Apprentice
WarnAudited by ClawScan on May 10, 2026.
Overview
Apprentice is a coherent workflow-learning skill, but it needs review because it stores broad observations as permanent workflows and can run learned bash scripts with broad local access and weak path/credential boundaries.
Review this skill carefully before installing. Do not teach it workflows containing secrets, production credentials, destructive commands, or sensitive account actions unless you have audited the generated files. Inspect generated SKILL.md and run.sh files before running them, prefer preview/dry-run mode, and verify the installed paths are contained under the apprentice skill directory.
Findings (5)
Artifact-based informational review of SKILL.md, metadata, install specs, static scan signals, and capability signals. ClawScan does not execute the skill or run runtime probes.
A crafted workflow name or compromised workflow directory could cause the agent to run a shell script outside the intended learned-workflow library with the user's local permissions.
The workflow name is user-controlled and is joined into a filesystem path without slug validation, absolute-path rejection, path traversal checks, or containment under WORKFLOWS_DIR before executing run.sh with bash.
parser.add_argument("workflow", nargs="?", help="Workflow name to run") ... workflow_dir = WORKFLOWS_DIR / workflow_name ... run_script = workflow_dir / "run.sh" ... subprocess.run(["bash", str(run_script)], env=env, capture_output=False)Validate workflow names as safe slugs, resolve the target path, require it to remain inside the workflows directory, and require preview/approval before executing any learned script.
A learned or path-traversed script could read environment secrets available to the agent even though the skill declares no credential requirement.
Every workflow script inherits the full agent process environment, not just declared workflow variables, which may include tokens or service credentials.
env = os.environ.copy()
if variables:
for k, v in variables.items():
env[k.upper()] = str(v)
...
subprocess.run(["bash", str(run_script)], env=env, capture_output=False)Pass a minimal allowlist of required variables to workflow scripts, document any credential use, and avoid inheriting the full process environment by default.
Observation state and generated workflow skills may be created outside the expected apprentice folder, making them harder to audit, remove, or contain from other skills.
The provided file is at path observe.py, while the README/metadata describe scripts/observe.py.
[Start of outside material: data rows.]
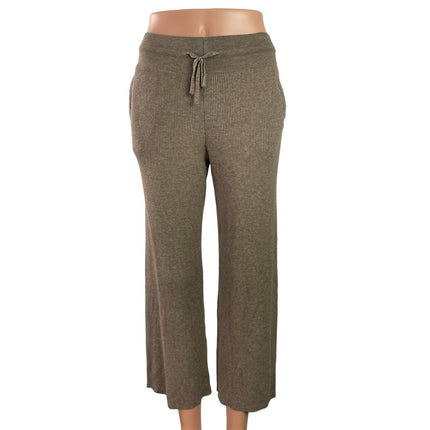 Uniqlo Womens Brown Ribbed Knit Casual Straight Wide Leg Trouser Lounge Pants 27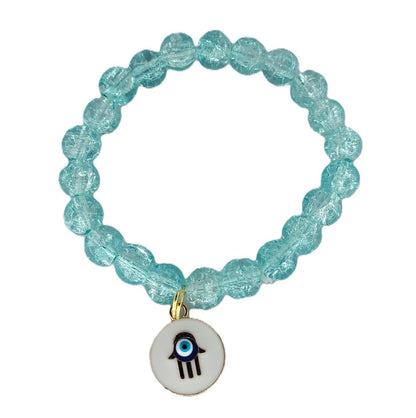 Trendy Color Beaded Charm Bracelet Set | Evil Eye, Butterfly, Teddy & Flower Designs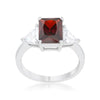 WildKlass Classic Garnet Rhodium Plated Engagement Ring-WildKlass Jewelry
If installed as provided, parent.parent points outside the apprentice skill directory, so logs and workflows are written to a broader parent location.
SKILL_DIR = Path(__file__).parent.parent WORKFLOWS_DIR = SKILL_DIR / "workflows" ACTIVE_SESSION_FILE = SKILL_DIR / ".observation_active.json"
Make the package layout match the code, or compute paths from the actual skill root. Declare the generated workflow and state paths explicitly.
Private commands, project details, or secrets mentioned during teaching could be stored and reused by future agent sessions.
The skill is designed to capture broad user activity and convert it into persistent agent-readable workflow files, with no clear redaction, retention, or secret-exclusion mechanism in the artifacts.
It listens and records your actions. - Commands you run - Files you create, edit, or delete - Decisions you make and why ... Approved workflows live in `apprentice/workflows/` as named SKILL.md files.
Add explicit secret redaction guidance, retention/deletion controls, review gates for raw observations and generated skills, and warnings not to teach workflows containing credentials or sensitive account actions.
Users may teach sensitive workflows believing the data is strictly local, even though the observed content may be included in model context for synthesis.
The privacy statement is internally conflicting: it says observations are sent to the LLM session while also claiming nothing leaves the machine. That may be false if the user's LLM session is remote.
| None | Fully local | Nothing leaves your machine | ... The only thing it sends to the LLM is your described observation + synthesis request, using your existing session. Nothing leaves your machine.
Replace absolute 'nothing leaves your machine' claims with precise model-session data handling language, and clearly warn when observations may be sent to a cloud LLM.